Chapters 7-12 are on the laboratory examination of fibres. The methods include such examinations as the microscopical examination of fibres, infrared microscopy, pyrolysis techniques, scanning electron microscopy, elemental analysis, microspectrophotometry, color measurement, thin layer chromatography of fibre dyes, high performance liquid chromatography, capillary electrophoresis and Surface Enhanced Resonance Raman Scattering Spectroscopy. These chapters form the core of the book, so to say, and the reader intending to take up fibre examination or improve his existing facilities would be most rewarded reading them.
Some major highlights of Forensic Examination of Fibres at a glance:
Let me round this review off, with one of the several extremely illustrative case studies described in the book. This study - which appears on pages 67-68 - explains very nicely how fibre evidence can work wonders in such seemingly unrelated areas as sexual assault. A student claimed she was raped by two male acquaintances in the toilets at her school. She alleged that her underpants were torn in the crotch area during the course of the rape. The underpants were submitted for examination at the request of the defense. And this is what the investigators found.

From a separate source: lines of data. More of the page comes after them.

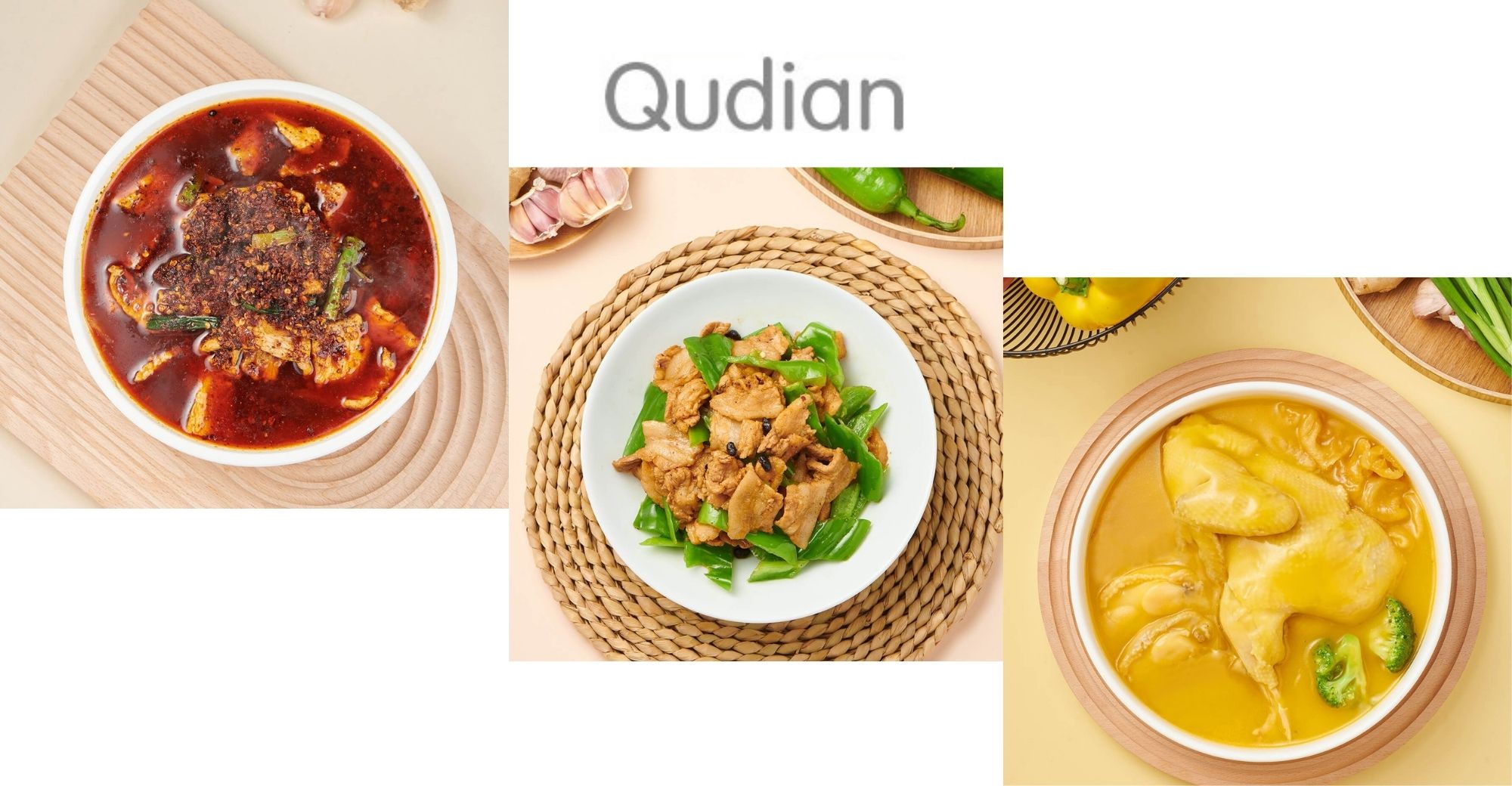 Qudian akan mengurangkan pelaburan dalam perniagaan pra-masak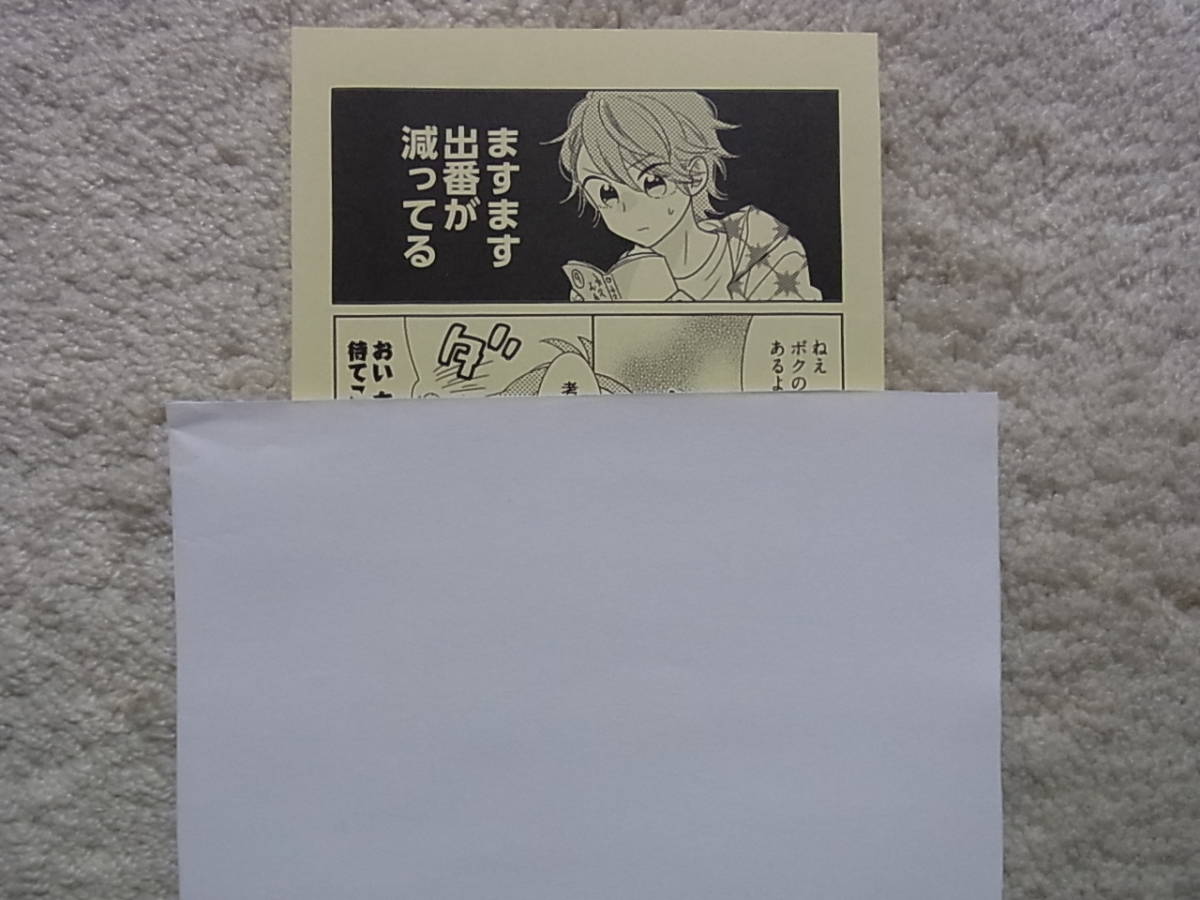 永久指名おねがいしますの値段と価格推移は 8件の売買情報を集計した永久指名おねがいしますの価格や価値の推移データを公開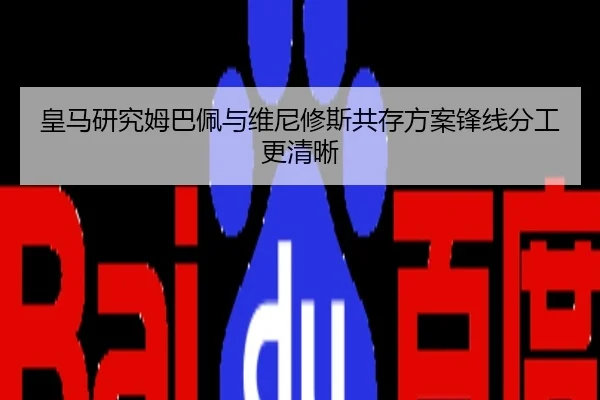 皇马研究姆巴佩与维尼修斯共存方案锋线分工更清晰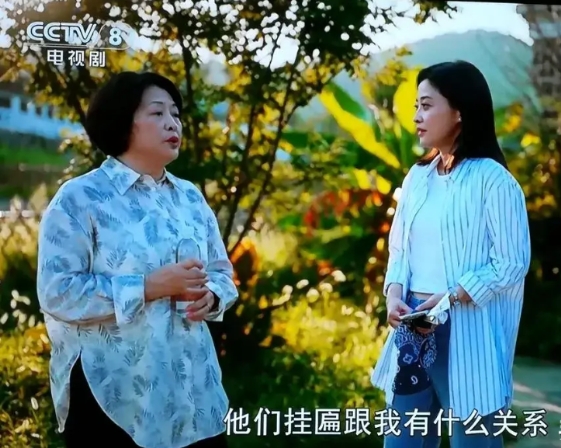 《我的后半生》：丽娜爸妈一起生活了40多年，老了却要离婚，只因身后事。
刘得宝的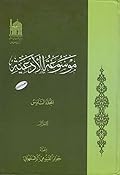 موسوعة الأدعية المجلد السادس المزار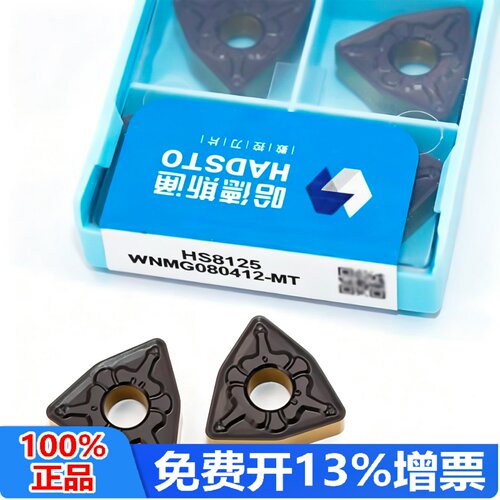 株洲华锐哈德斯通双色数控刀片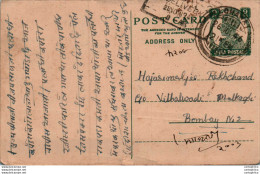 India Postal Stationery George VI 9p Lohawat Cds To Bombay - Postcards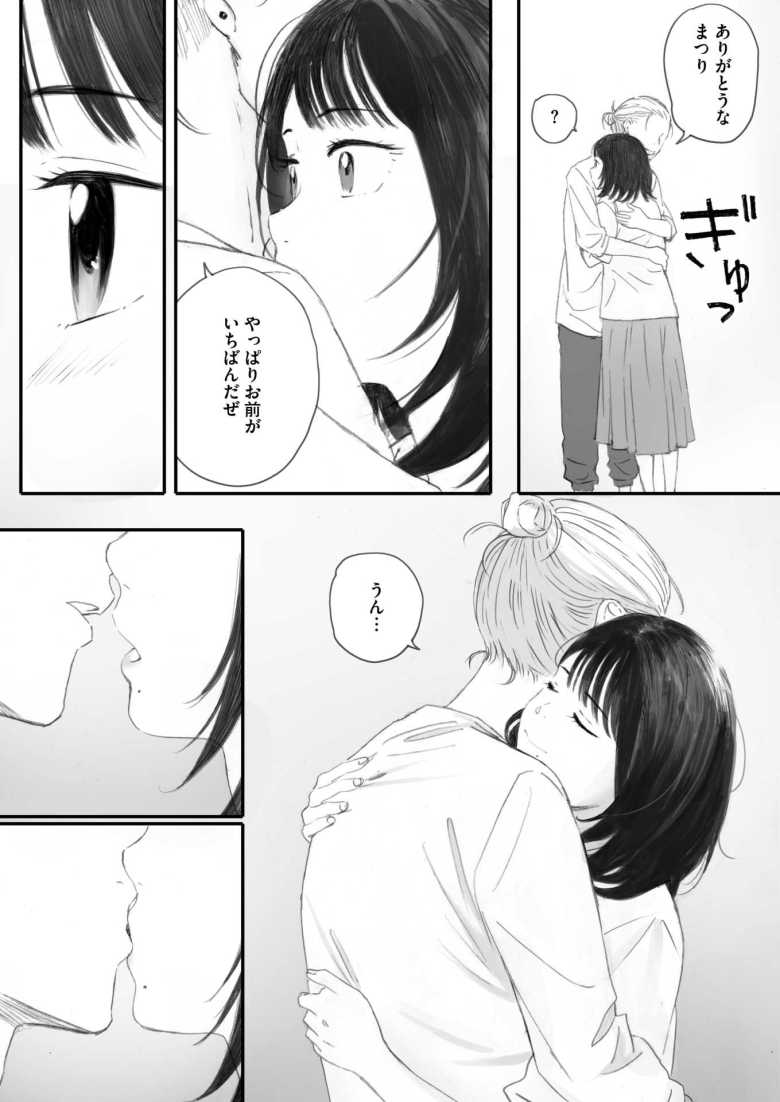 【エロ漫画】秋桜が咲いた日に 第五-六話【荒井啓】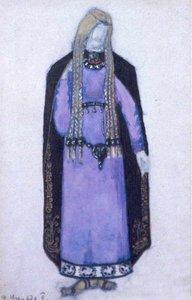 Изольде — Nikola Roerić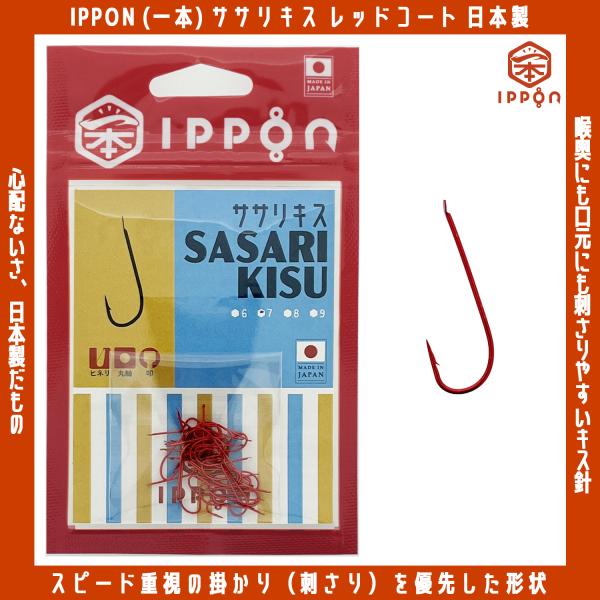 /メール便可/ IPPON (一本) ササリキス レッドコート 6号/42本入〜9号/42本入 キス針 日本製 釣り針 フック 徳用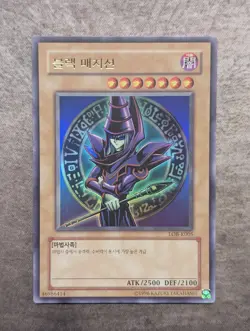 The Legend of Blue Eyes White Dragon #LOB-K005 Dark Magician Korean - Image 1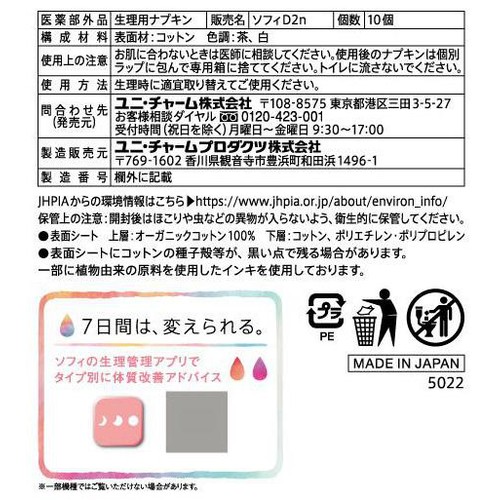 ユニ・チャーム ソフィ はだおもいオーガニックコットン 多い夜用 羽つき 29cm 10枚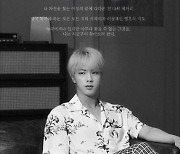 방탄소년단, 'Epiphany' MV 1억뷰 돌파..통산 35번째 [공식]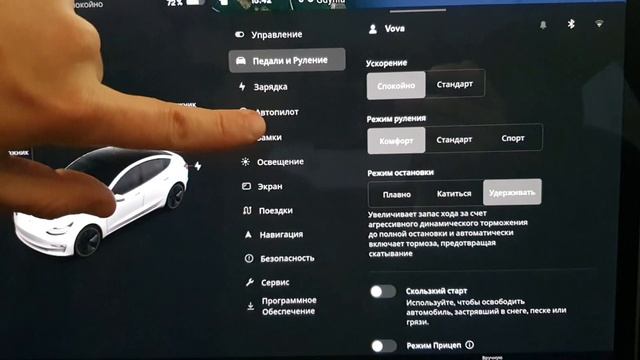 Новогодняя русская прошивка v11 Тесла Модель 3/Y: ламповый обзор 2021.44.25.2 смотреть онлайн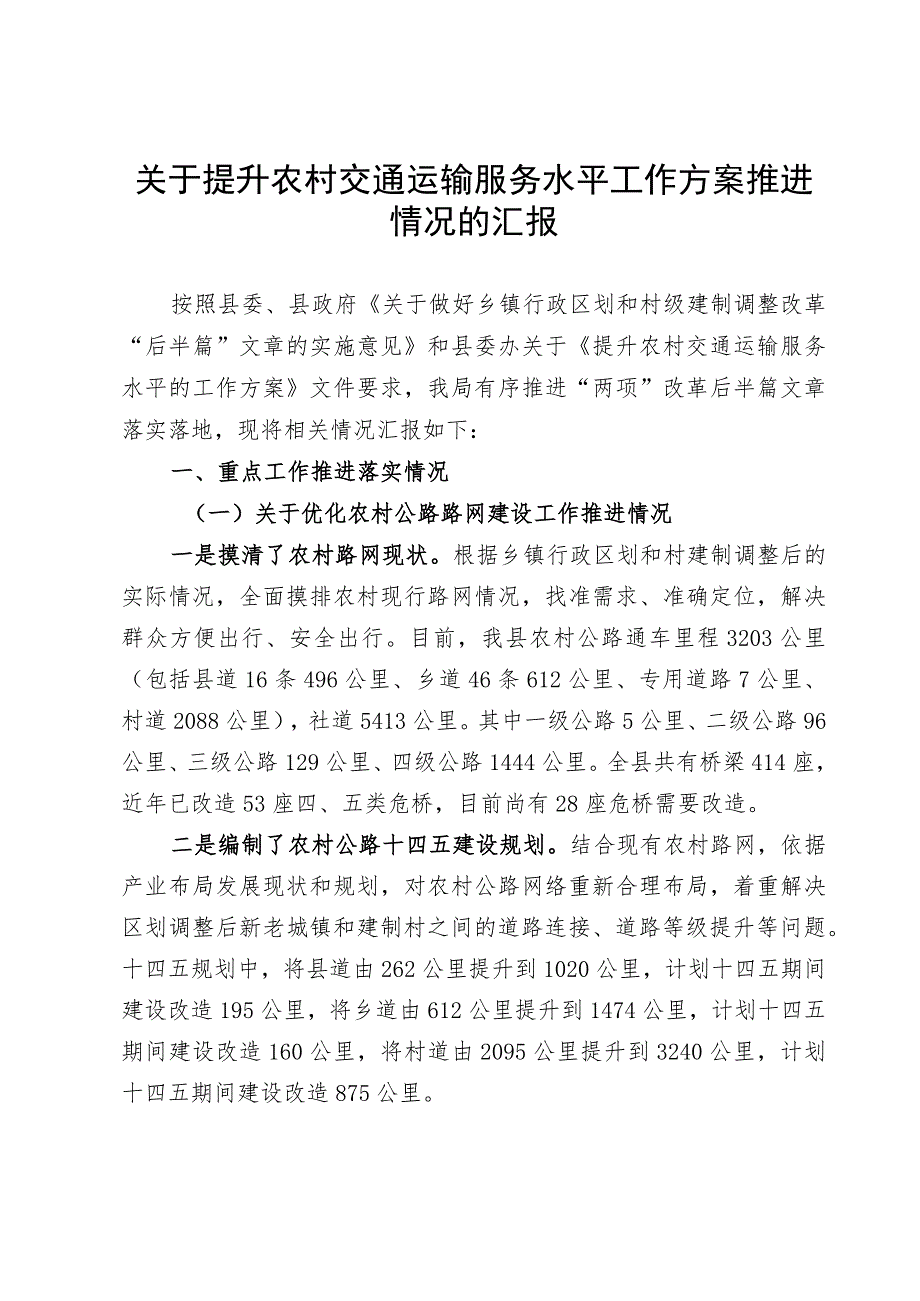 提升农村交通运输服务水平工作方案推进情况的汇报.docx_第1页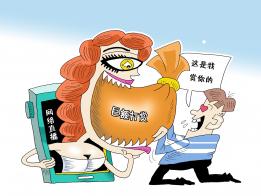 2018 W_H1511
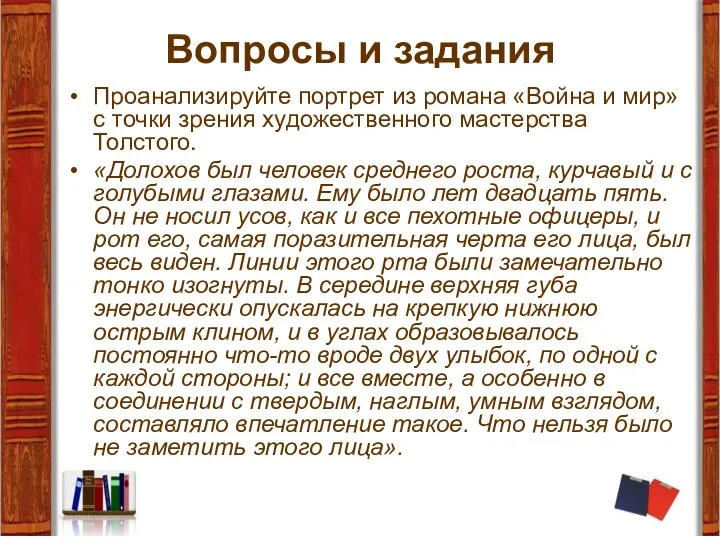 Вопросы и задания Проанализируйте портрет из романа «Война и мир»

There were two L-shaped combination cut/tears and an irregular combination cut/tear in the crotch and lower front panel (see figure at the left). In addition, there were seven small punctures adjacent to the combination cut/tears. The garment had been washed since being damaged, which explained the 'curling over' of the severed edges. The jagged appearance of the irregular cut, the protruding narrow strips of material, the changes in direction and the 'stoppages' were all consistent with scissor-cut actions. The hypothesis that the damage was caused by physical tearing was refuted. It was also considered unlikely that a knife could reproduce the damage.
This is a beautiful example of how fibre evidence - in quite an unexpected manner - came to the assistance of the accused who were actually innocent. If you want to read more of such cases, this book is certainly for you.
This book would not only be very useful for all forensic scientists - especially those engaged in forensic examination of fibres - but also to other forensic specialists such as forensic pathologists like me. They would now know about the enormous possibilities this science holds, and would be better able to co-ordinate their activities with those of the forensic scientists in the labs.